I have read the journal about the development of the Indonesian teaching material based on multicultural context by using sociolinguistics approach at junior high school published in 2010 by Fathur Rokhman and Yuliati. I learn about the importance of teachers’ awareness, competence and creativity in developing teaching materials especially on multicultural context. As the future teacher, we need more references to understand multicultural education and need to be creative in order to produce challenging material and method, interesting and functional for the students. We are not only have duty to transfer the knowledge related to the social topics but also have responsibility to build students character and develop the society culture site. The language aspect and multicultural aspect are given balance portion with teaching material based on curriculum so that the students can explore the useful multicultural potential in the social life. Beside, based on communicative approach principles, teachers have to balance the four learning skills (reading, writing, speaking, and listening) or focused on one of the four learning skills. At last, the essence of learning is changing learners attitude from not good condition becomes better condition and improving the learners’ condition from know nothing to know something and improve it.

Jumat, 16 September 2016

Linguistics and Education

The summary of Journal
“Pre-service  English  Language  Arts  teachers’  development of  Critical  Language  Awareness  for  teaching.”
by : Amanda  J.  Godleya,  Jeffrey  Reaserb,1,  Kaylan  G.  Moorec.   May 2015.

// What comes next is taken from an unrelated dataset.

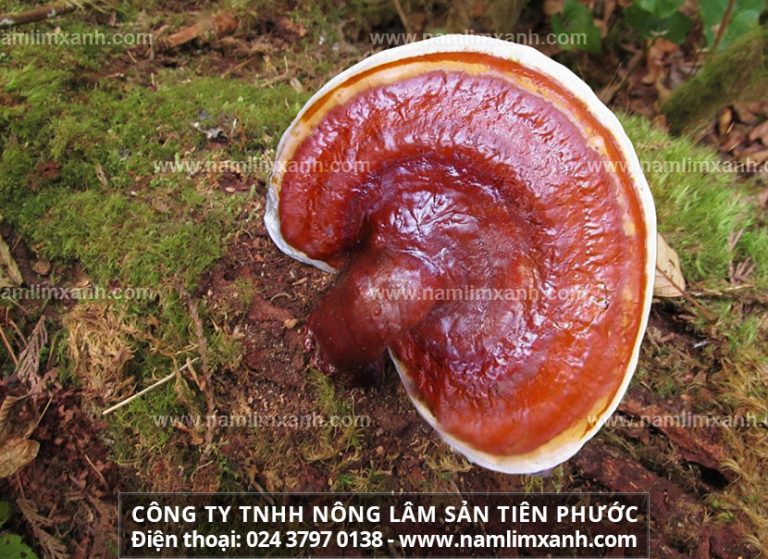 Tác dụng của nấm lim xanh Tiên Phước với bệnh nhồi máu cơ tim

This journal examines about pre-service English teachers’ (PSTs’) development of Critical Awareness for teaching through an online course focused on language variation. This course purposes to increase PSTs’ understanding of dialect diversity, language ideologies, and linguistic prejudices for teaching. PSTs are support for the value of all dialects and literacy instruction that must be honoured the vernacular dialects used by students and found in literature. It is used to avoid discrimination between the students’ spoken vernacular dialects with the students using Standardized English. In order to effectively teach students having different dialects, teachers need to have basic sociolinguistics knowledge. It includes the understanding that (a)  the  English  language  has  various  dialects  that  are  equally  valid  and  grammatical, (b)  language  varies  in  different  contexts  and  communities  in  systematic  ways,  (c)  language  use  reflects  identity,  and  (d) language  is  often  the  basis  for  judgments  about  people in social affiliation. In Addition, the content of knowledge is not sufficient for preparing teachers to teach well. Teachers must develop pedagogical content knowledge (PCK) to explain, frame, assess and evolve the content knowledge for diverse group of students. Sociolinguistics of PCK includes accurately explaining features  of  dialects  and  grammatical  patterns;  evaluating  students’  language  choices; developing  students’  competency  in  Standardized  Written  English;  and  teaching  about  systems  of  power  and  privilege  that  are  maintained  via  language  ideologies. So that, to achieve successful teaching pre-service English teachers (PSTs) must be coupled with learning sociolinguistics of Pedagogical content knowledge (PCK).